To get the list of variable names you can use the grib_dump tool.

larvorg commented 3 years ago

Hello, Thank you for the information. This grib file comes from MeteoNet ? Or it comes from the public data website of Meteo France ? Their data can have a different structure from ours in MeteoNet. So the reading can be different.

claustres commented 3 years ago

These files are coming from Meteo France when you buy weather forecast data (AROME 0.025° in my case).

larvorg commented 3 years ago

Ok. Could you send one sample file in attachment ? Maybe the coordinates names are not the same according to parameters ? For example, if the vertical levels are in meters, the vertical level name is 'heightAboveGround'. If it about isobar vertical levels (in hPa) it is called 'isobaricInhPa'...etc It is like this in MeteoNet, but the files are separated.
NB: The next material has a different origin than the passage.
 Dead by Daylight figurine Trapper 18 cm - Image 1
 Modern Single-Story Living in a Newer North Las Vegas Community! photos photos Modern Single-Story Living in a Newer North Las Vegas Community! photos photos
claustres commented 3 years ago

The file is big (~300MB), I will provide you with a link to download it in a private message on your slack.

benjamingorman commented 3 weeks ago

Almost exactly the same error crops up when using GRIB files from ECMWF's open dataset available here https://data.ecmwf.int/forecasts/20241014/00z/ifs/0p25/oper/ This is a 15 day short-term weather forecast.

I understand as @claustres said that reading variables one-at-a-time is an option to suppress the warning, but don't quite understand why it's happening in the first place.